Zelfbouw, meaning ‘self-building’ in Dutch, is a current planning trend in The Netherlands. While there have always been people building their own homes, zelfbouw has been actively promoted over the past few years. Riding the bottom-up wave and responding to the financial and real estate crises, large developers are being kept out of the loop in urban expansion plans all over the Netherlands. Instead, municipalities sell off single plots of land and keep restrictions low so that private individuals can create their own personal utopia.
Photographer Sonia Mangiapane visited a number of these new suburbs across Holland to capture their nature and peculiarities. The series consists of photos taken in the cities of Amsterdam (Zeeburgereiland and Steigereiland Noord), Almere (Homeruskwartier and lakeside Almere-Stad) and Leiden (Nieuw Leyden). The latest Dutch suburbs do not consist of the catalogue McMansions as we know them from the US. By contrast, these houses are more tailored, and together with their scale, locations (typically near city centres), the presence of amenities as well as their walkability and cyclability, they constitute a relatively urbanised kind of suburbia.
Taste will always remain a volatile and subjective notion, but zelfbouw results in what at first glance looks like an eclectic landscape, organically developed, with a less dictated visual style. The fascinating scenes simultaneously feature conservative historicising architecture and outrageous self-expressive design.
Interestingly, despite the occasional freak that doesn’t match dominant taste, the outcome is a fairly uniform kind of diversity, with many of the houses looking somewhat similar. Partially this is due to the limitations in height and width, but it clearly also has to do with the fact that most people – while wanting to show their personality through the architecture of their homes – prefer to play it safe.

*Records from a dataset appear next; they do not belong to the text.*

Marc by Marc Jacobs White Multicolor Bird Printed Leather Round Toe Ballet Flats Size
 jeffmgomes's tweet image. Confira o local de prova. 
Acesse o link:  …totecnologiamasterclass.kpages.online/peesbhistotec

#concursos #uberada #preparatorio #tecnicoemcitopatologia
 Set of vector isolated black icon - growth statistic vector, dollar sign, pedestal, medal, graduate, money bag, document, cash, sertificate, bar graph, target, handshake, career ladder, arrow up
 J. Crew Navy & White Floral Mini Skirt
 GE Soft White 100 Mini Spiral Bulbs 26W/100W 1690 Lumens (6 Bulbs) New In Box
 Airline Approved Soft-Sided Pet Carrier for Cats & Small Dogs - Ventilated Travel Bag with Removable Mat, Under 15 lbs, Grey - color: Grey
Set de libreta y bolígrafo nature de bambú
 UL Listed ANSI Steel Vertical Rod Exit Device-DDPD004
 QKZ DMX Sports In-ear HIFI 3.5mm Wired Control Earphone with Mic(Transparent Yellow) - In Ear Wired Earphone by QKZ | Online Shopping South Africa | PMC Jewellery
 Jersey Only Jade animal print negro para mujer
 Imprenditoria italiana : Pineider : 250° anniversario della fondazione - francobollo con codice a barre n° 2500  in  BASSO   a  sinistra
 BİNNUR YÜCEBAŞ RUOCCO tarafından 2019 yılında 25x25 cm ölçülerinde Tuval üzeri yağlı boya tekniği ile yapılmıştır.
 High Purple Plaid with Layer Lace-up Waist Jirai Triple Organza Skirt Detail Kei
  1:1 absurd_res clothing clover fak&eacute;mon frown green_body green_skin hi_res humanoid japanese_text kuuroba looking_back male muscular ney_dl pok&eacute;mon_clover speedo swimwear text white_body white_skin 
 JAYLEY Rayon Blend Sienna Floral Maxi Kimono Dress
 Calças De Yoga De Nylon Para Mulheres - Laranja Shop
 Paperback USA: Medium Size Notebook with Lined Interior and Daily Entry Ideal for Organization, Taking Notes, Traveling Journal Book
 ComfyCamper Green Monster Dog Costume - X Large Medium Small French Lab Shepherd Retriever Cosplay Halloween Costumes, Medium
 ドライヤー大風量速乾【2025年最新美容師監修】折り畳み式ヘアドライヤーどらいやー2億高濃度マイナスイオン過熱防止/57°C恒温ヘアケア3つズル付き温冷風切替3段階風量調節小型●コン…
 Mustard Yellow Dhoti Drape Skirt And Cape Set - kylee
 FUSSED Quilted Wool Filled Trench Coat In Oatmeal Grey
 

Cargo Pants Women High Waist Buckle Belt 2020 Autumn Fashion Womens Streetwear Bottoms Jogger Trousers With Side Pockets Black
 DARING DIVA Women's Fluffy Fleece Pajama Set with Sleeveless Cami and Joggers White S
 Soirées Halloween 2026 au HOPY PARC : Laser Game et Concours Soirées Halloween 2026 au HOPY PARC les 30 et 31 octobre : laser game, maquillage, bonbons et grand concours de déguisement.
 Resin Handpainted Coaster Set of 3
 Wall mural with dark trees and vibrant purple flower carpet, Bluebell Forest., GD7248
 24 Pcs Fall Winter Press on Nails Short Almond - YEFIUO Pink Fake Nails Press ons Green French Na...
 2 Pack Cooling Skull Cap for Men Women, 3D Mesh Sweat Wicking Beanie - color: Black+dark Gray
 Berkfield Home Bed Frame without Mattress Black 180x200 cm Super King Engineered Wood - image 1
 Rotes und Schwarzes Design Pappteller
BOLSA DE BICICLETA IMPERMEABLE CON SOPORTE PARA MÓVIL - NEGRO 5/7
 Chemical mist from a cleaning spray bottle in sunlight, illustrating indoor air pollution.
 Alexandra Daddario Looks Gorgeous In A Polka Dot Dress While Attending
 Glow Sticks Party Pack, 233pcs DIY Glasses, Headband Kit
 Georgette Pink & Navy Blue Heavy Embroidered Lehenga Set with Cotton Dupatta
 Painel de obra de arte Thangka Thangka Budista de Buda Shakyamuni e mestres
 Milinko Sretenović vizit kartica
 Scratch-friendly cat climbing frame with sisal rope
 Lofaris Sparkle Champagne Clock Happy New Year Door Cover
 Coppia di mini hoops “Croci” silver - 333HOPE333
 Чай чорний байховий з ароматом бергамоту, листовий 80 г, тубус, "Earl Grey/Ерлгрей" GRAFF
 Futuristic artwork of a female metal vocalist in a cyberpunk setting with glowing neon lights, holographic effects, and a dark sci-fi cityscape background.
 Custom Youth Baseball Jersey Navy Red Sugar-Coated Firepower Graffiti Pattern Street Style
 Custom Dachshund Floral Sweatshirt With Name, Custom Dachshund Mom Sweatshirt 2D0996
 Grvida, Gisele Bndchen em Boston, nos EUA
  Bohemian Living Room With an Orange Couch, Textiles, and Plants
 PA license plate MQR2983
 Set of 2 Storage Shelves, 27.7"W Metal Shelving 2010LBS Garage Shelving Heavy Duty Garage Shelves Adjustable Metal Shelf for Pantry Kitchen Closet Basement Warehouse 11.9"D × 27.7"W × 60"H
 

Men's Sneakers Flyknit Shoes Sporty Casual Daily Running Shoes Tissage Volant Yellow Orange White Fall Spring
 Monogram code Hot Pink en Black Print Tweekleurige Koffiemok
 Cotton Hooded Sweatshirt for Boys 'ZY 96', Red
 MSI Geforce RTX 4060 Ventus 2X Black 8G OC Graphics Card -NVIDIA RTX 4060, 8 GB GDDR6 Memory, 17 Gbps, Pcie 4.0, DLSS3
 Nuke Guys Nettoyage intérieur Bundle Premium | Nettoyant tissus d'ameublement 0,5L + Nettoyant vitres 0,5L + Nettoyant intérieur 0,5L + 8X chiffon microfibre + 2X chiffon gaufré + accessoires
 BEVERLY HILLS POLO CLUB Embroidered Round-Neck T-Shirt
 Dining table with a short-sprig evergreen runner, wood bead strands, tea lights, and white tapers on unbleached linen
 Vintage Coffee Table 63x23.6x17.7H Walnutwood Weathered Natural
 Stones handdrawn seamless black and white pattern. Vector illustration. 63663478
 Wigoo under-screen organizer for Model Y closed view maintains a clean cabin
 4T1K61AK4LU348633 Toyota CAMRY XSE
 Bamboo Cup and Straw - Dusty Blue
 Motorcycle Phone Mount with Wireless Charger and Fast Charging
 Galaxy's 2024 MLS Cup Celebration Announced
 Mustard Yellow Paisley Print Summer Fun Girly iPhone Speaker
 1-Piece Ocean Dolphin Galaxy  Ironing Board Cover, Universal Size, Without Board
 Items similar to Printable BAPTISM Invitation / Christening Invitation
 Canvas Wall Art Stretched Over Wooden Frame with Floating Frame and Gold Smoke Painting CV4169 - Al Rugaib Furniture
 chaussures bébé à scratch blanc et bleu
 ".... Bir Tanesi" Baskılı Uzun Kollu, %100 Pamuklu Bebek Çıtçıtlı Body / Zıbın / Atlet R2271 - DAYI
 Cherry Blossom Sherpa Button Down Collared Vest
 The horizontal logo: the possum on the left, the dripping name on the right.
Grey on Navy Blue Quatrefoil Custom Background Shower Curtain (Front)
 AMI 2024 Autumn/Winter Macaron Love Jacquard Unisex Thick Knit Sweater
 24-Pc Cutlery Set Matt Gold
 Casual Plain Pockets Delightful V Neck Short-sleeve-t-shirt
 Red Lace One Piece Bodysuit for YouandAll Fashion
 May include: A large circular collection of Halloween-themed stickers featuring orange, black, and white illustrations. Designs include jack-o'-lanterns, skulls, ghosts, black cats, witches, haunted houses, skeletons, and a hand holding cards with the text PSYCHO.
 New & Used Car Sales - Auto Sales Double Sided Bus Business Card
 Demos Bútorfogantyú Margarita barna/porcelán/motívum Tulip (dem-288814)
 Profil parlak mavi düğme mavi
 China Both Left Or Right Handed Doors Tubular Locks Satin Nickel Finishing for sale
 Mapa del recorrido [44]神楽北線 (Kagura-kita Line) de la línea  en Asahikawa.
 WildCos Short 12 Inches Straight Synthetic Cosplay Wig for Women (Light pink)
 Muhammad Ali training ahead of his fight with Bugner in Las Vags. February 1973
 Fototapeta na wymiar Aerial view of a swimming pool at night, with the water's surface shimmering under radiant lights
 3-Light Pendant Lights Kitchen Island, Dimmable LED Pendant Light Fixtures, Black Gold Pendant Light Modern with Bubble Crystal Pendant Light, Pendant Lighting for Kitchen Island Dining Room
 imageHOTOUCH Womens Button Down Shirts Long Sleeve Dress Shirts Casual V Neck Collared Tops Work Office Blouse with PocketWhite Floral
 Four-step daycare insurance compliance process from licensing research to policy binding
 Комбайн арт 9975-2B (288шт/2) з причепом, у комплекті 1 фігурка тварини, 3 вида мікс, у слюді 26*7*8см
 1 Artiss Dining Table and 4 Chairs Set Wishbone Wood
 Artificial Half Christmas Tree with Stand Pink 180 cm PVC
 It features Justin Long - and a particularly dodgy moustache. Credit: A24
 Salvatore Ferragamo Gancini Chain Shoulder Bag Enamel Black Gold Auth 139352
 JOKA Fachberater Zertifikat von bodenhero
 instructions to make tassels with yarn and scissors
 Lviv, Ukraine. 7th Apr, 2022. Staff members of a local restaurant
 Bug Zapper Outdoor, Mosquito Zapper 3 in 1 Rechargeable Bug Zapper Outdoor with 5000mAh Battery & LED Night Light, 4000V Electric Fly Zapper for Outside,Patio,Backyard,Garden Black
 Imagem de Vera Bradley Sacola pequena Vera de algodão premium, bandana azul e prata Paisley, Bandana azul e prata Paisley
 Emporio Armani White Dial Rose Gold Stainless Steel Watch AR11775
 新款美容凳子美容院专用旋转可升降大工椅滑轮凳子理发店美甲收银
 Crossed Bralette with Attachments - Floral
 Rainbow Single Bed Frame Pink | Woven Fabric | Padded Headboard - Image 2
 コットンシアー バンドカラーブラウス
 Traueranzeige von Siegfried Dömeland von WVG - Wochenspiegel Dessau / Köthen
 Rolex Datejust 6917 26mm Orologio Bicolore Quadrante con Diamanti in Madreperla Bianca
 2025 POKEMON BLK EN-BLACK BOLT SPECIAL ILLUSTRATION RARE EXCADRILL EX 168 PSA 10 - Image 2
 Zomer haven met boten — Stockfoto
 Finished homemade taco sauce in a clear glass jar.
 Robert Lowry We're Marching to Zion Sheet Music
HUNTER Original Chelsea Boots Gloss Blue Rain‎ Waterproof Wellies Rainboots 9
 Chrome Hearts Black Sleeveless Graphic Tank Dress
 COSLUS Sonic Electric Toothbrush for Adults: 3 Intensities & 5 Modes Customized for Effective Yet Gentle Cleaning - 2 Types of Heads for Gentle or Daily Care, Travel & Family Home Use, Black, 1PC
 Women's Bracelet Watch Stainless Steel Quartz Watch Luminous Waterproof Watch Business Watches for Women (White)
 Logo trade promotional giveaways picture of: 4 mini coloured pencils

The likeness can also have a specific reason: in one of the suburbs depicted by Mangiapane, a great part of the self-builds was designed by a single architect, who himself also lives in one of his creations.
Is zelfbouw the way to go for urban expansion, with the government only laying out the general plan and infrastructure, and individuals given the responsibility for completing the picture? Or is it just a temporary fad? Will we look back at these areas in 30 years from now as important architectural heritage, or as a disposable, unorchestrated architecture, only fit for specific individuals in a specific time? For the time being, at least, the zelfburbs are an intriguing socio-spatial phenomenon.